Organizational culture plays a critical role in determining productivity, creativity, engagement and other factors of success. When bullies find fertile ground at work, it can spell disaster for an organization’s short and long term goals. In addition to the legal ramifications of bullying at work, the level of disruption it causes not only undermines performance but can actually encourage good employees to leave or it can sabotage their good work.
Given the cost of bullying, why are bullies allowed to work, let alone, lead organizations?
Unrecognized: The first challenge is recognizing that bullying is happening. In competitive organizations, employees are often encouraged to use highly disruptive or even combative tactics. Being cut-throat is not just tolerated, but rewarded. In that type of work environment, it is easy to slip over the line and allow aggression to leak into the day to day operations of an organization. At this point, it becomes a destructive behaviour.

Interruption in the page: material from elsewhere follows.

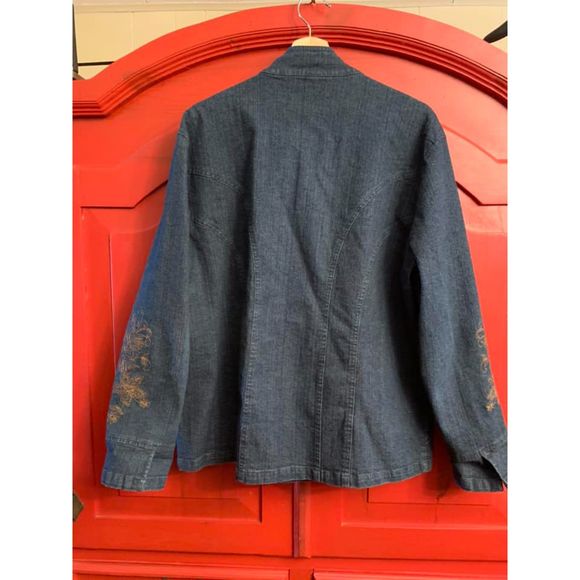 Decorated Originals 2X Denim Jacket Mandarin Collar Embroider Sunflower Buttons - Picture 2 of 3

Bullies are also often unaware of their own impact on colleagues. Harassing comments can be interpreted as “jokes” or good-natured kidding around. As we often see in our work, ageist comments are regularly used and viewed as acceptable despite their damaging impact. This is why self-awareness and understanding others are the cornerstones of successful professional and personal development. They allow the individual to check unwanted behaviour before it becomes a problem.
To avoid unintended (or unrecognized bullying), identify bullying behaviour and implement a zero-tolerance policy. Provide examples of what bullying behaviour looks like and be clear on what the consequences will be if the behaviour takes place. Make sure you follow through and that alternative behaviours are suggested. For some insight into examples of bullying behaviour, take a look at the sample list provided by the Canadian Centre for Occupational Health and Safety provided HERE.
Favouritism: Treating everyone fairly seems like an obvious requirement of workplaces, but sometimes a structural hierarchy can lead to preferential treatment that extends into social spaces. Challenges can erupt when you have unbalanced job designs that result in workload issues or role conflict. This can not only result in giving the preferred employees a disproportionate sense of entitlement but in some cases can result in abuse of other employees creating an unhealthy internal competition.
Conflict Avoidance: When bullying behaviour does happen, ignoring it will effectively reinforce the behaviour. Don’t delay when issues emerge. Address bullying behaviours as soon as possible to avoid future incidents. For tips on how to manage these conversations, check out our article, Tackling Tough Talks
Anxiety: How do you talk about yourself? If you use negative or self-deprecating language to reference yourself or your work, you could be setting the tone for how colleagues or employers engage with you. Some research shows that anxiety, self-doubt, depression and even shyness can result in more frequent incidences of bullying.
Unfortunately approaches for reducing bullying have had inconclusive results. The most significant workplace success has been in increasing awareness of bullying behaviours. The moral of the story is: it’s better to establish an environment that prohibits bullying before it starts!